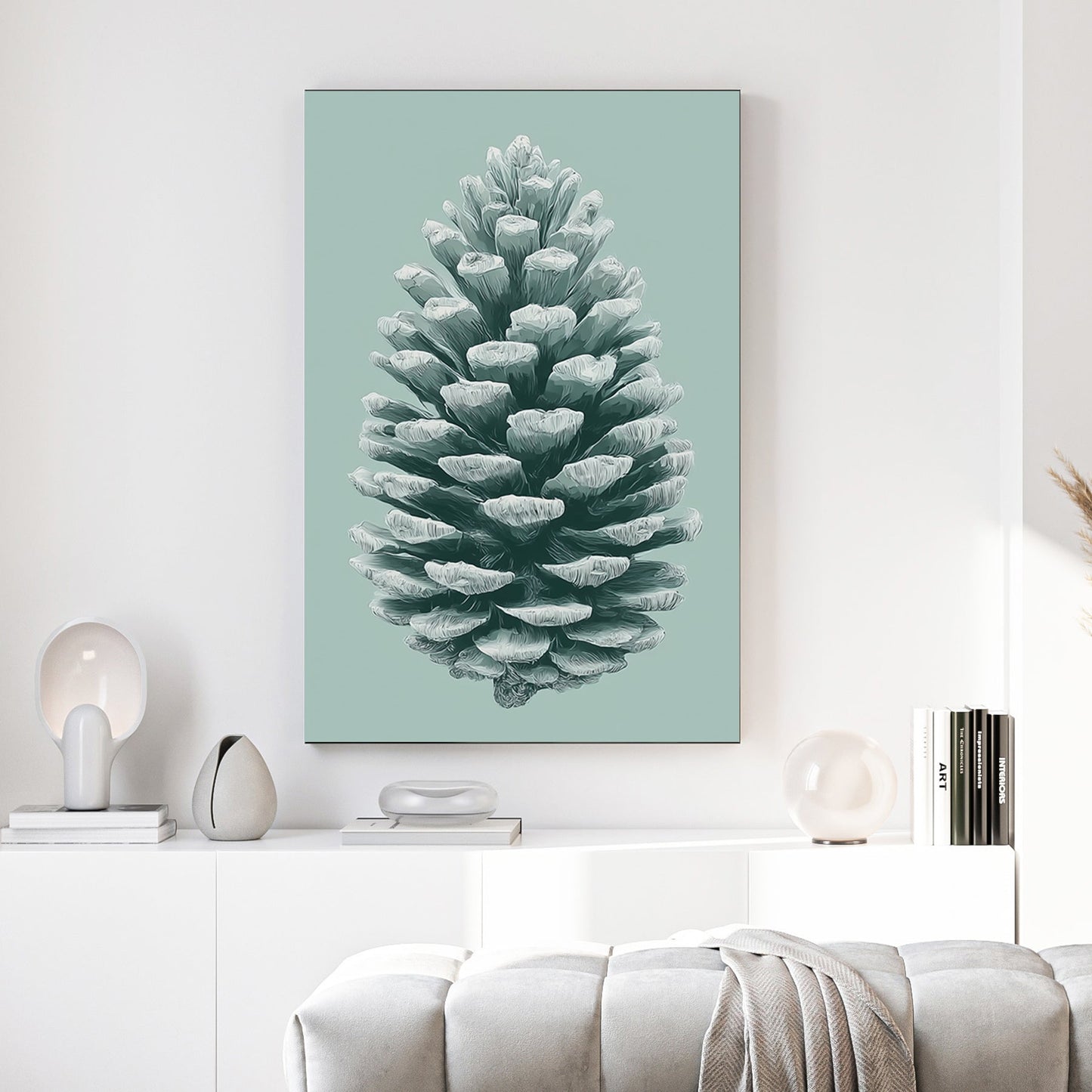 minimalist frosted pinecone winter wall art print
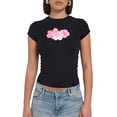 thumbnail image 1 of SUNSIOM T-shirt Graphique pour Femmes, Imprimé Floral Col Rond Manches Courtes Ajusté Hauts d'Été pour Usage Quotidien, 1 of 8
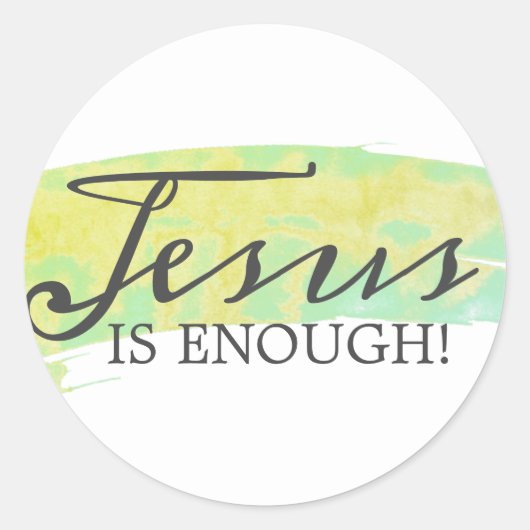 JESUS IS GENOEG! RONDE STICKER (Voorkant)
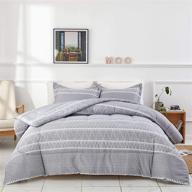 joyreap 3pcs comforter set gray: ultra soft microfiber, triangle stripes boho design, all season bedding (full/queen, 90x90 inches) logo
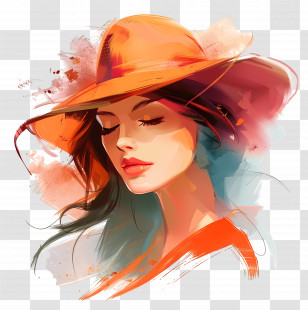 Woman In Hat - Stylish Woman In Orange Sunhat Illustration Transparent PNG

TASK PROMPT –
Without the images, output all the entries exactly as they stand.

WRITTEN SOLUTION –
 minimalist frosted pinecone winter wall art print
 thumbnail image 1 of SUNSIOM T-shirt Graphique pour Femmes, Imprimé Floral Col Rond Manches Courtes Ajusté Hauts d'Été pour Usage Quotidien, 1 of 8
 JESUS IS GENOEG! RONDE STICKER (Voorkant)
 joyreap 3pcs comforter set gray: ultra soft microfiber, triangle stripes boho design, all season bedding (full/queen, 90x90 inches) logo
 Woman In Hat - Stylish Woman In Orange Sunhat Illustration Transparent PNG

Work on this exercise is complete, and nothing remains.